By Li Yang | China Daily | Updated: 2017-08-25 07:27

A tale of 22 women preyed on by Japan army

A scene from Twenty Two. [Photo/Mtime]

Twenty Two has already set many records for a documentary film. When the film's financer withdrew because its failure was almost "predictable", the director took the baton. When the filmmakers couldn't pay the distribution and publicity expenses, 32,099 people crowdfunded it through the internet. When it was not faring well on the cinema circuit, netizens "crowdfunded" it again, making it the fourth-most popular summer release, and raising its box office revenue to about 150 million yuan ($22.51 million) in 10 days.

Short three years ago, the documentary records the daily lives and memories of the last 22 women forced into sexual slavery by the Imperial Japanese Army during its occupation of China who were still alive on the Chinese mainland. There were about 200,000 such women in China.

About 4 million people have watched the film in cinemas, with many literally crying, but a greater number lost in thought in their seats only for the sweepers to bring them back to the present. For the audience, the film also provides some perplexing moments when the women sew self-mocking humor into the fabric of their stories-people cannot quite fathom how to react to such black humor.

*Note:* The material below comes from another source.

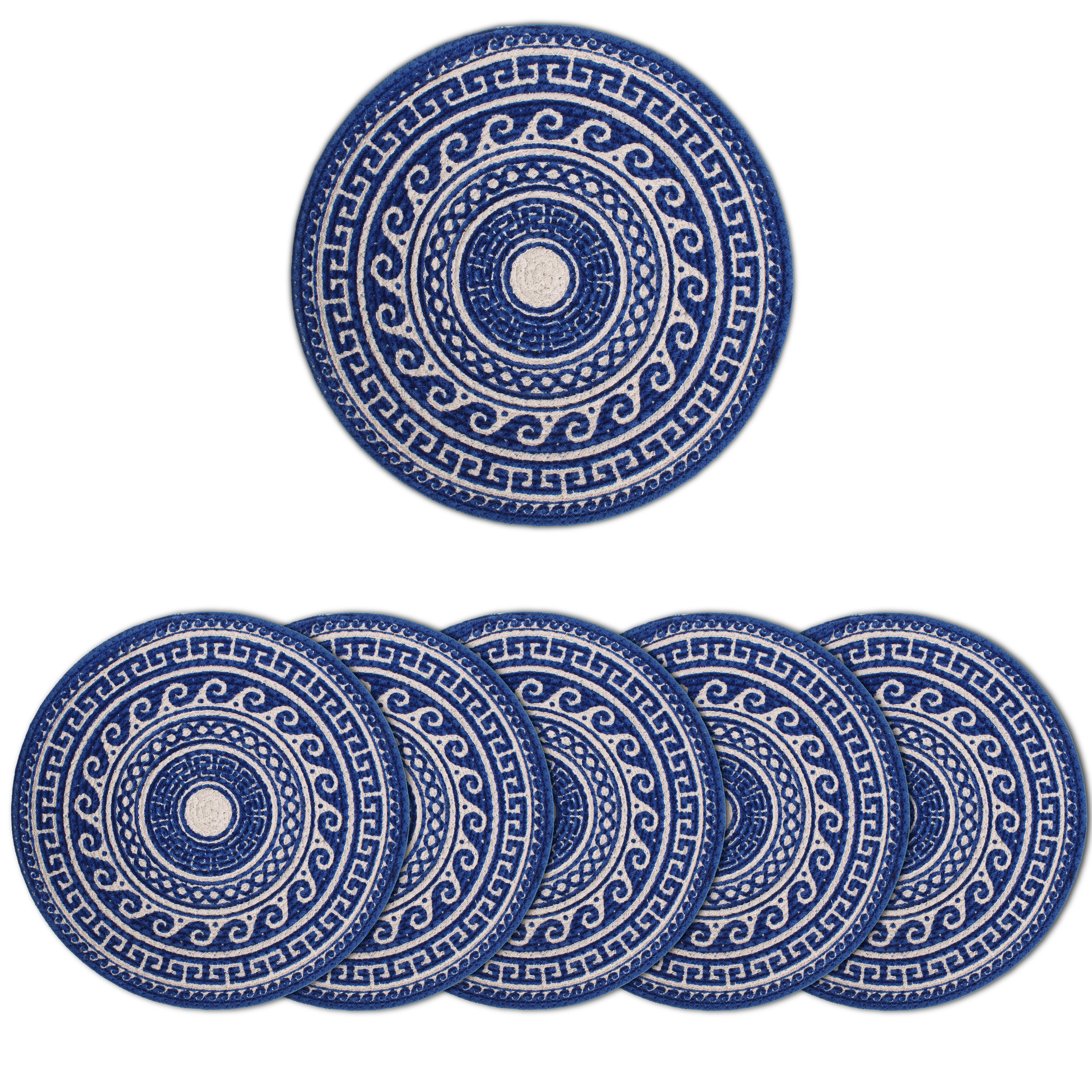 Cotton Blue Mandala Print Placemat (Pack of 6)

How did the women endure the horrific crimes perpetrated by the Japanese invaders? How did they manage to fight back those unbearable memories throughout the rest of their lives? How did they live with the discrimination, even humiliation, strangers inflicted on them? Where did they get the strength to do so? These are some of the questions that people have been haunted by after watching the film.

Twenty Two acquires added importance because it could well be the last documentary on their lives, as 14 of the 22 women had passed away by the time the documentary was released on Aug 14, International Day for "Comfort Women". Perhaps that's why it has caught the imagination of the nation.

An outstanding feature of the 95-minute documentary is that it does not focus only on the women's heartrending memories, but attaches equal importance to recording their state of being at the time of the shooting.

The women send a clear message to the world through their plain discourse and composed smiles that they can live with the past, regarding it as a distasteful yet inalienable part of their lives.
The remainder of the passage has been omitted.